In a captivating memoir, an Egyptian American visionary and scientist
provides an intimate view of her personal transformation as she follows
her calling--to humanize our technology and how we connect with one
another.
**
LONGLISTED FOR THE PORCHLIGHT BUSINESS BOOK AWARD - "A vivid
coming-of-age story and a call to each of us to be more mindful and
compassionate when we interact online."--Arianna Huffington**
NAMED ONE OF THE BEST BOOKS OF THE YEAR BY PARADE
Rana el Kaliouby is a rarity in both the tech world and her native
Middle East: a Muslim woman in charge in a field that is still
overwhelmingly white and male. Growing up in Egypt and Kuwait, el
Kaliouby was raised by a strict father who valued tradition--yet also
had high expectations for his daughters--and a mother who was one of the
first female computer programmers in the Middle East. Even before el
Kaliouby broke ground as a scientist, she broke the rules of what it
meant to be an obedient daughter and, later, an obedient wife to pursue
her own daring dream.
After earning her PhD at Cambridge, el Kaliouby, now the divorced mother
of two, moved to America to pursue her mission to humanize technology
before it dehumanizes us.
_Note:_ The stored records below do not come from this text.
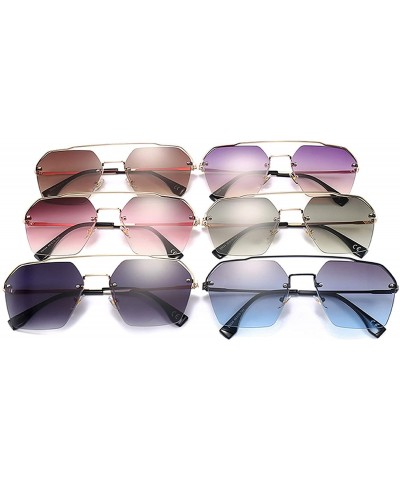 Semi-rimless 2020 Fashion Semi-RimlStyle Rivets Sunglasses Women Gradient Sun Glasses Oculos De Sol 25034 - C1 - CU197Y6TDIA ...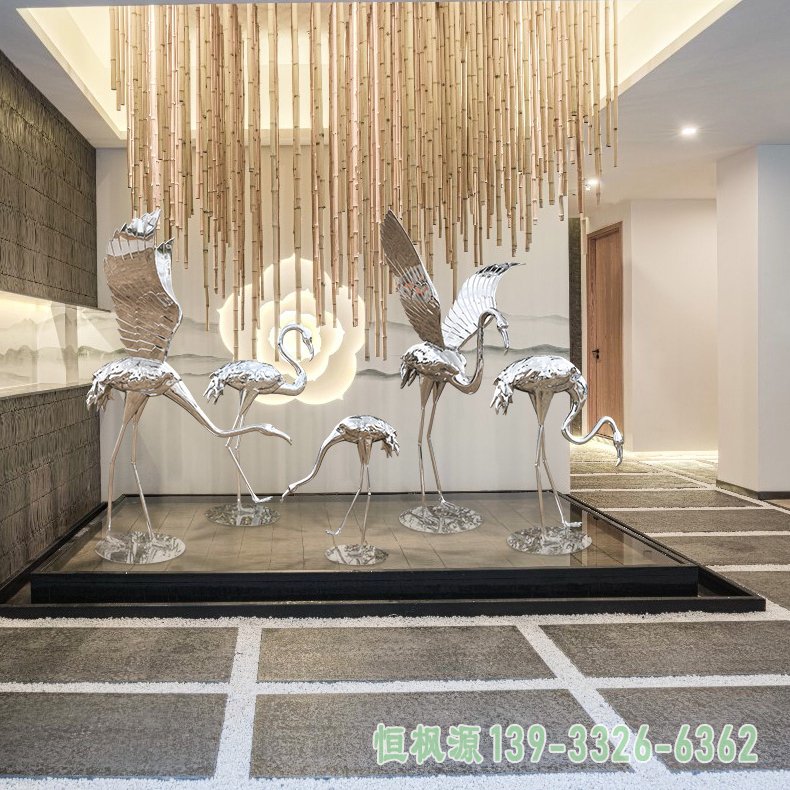 火烈鸟不锈钢雕塑 (4)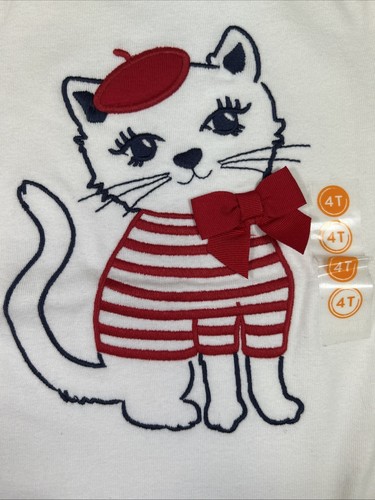 Gymboree Girls (4) Piece Lot Cat 4th Of July Red White Blue Size 4 EUC NWT - Picture 5 of 16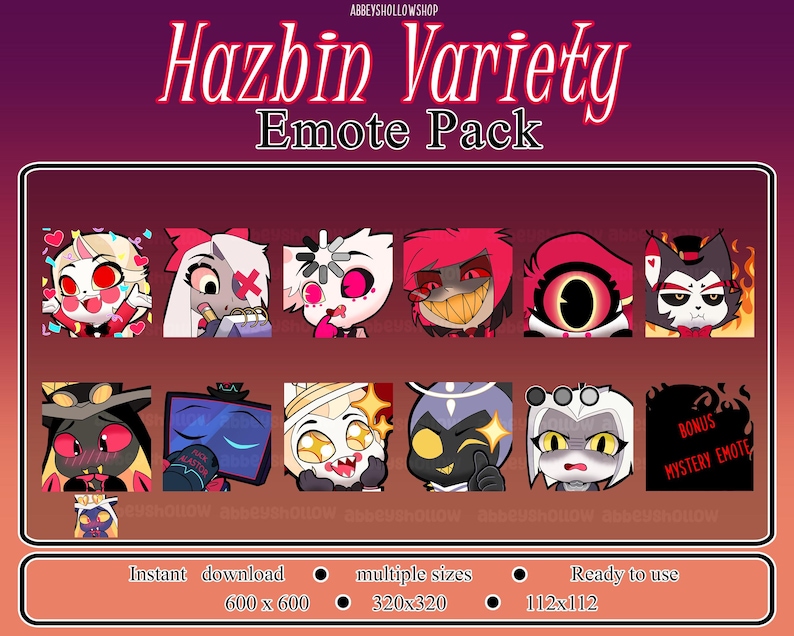 May include: A digital download pack of 8 animated emotes featuring characters from the Hazbin Hotel animated series. The emotes are in a variety of poses and expressions. The emotes are available in multiple sizes, including 600x600 pixels, 320x320 pixels, and 112x112 pixels.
The majority of our communication is conveyed
through nonverbal cues: facial expressions, tone of voice, body
language. But that communication is lost when we interact with others
through our smartphones and devices. The result is an emotion-blind
digital universe that impairs the very intelligence and
capabilities--including empathy--that distinguish human beings from our
machines.
To combat our fundamental loss of emotional intelligence online, she
cofounded Affectiva, the pioneer in the new field of Emotion AI,
allowing our technology to understand humans the way we understand one
another. Girl Decoded chronicles el Kaliouby's journey from being a
"nice Egyptian girl" to becoming a woman, carving her own path as she
revolutionizes technology. But decoding herself--learning to express and
act on her own emotions--would prove to be the biggest challenge of all.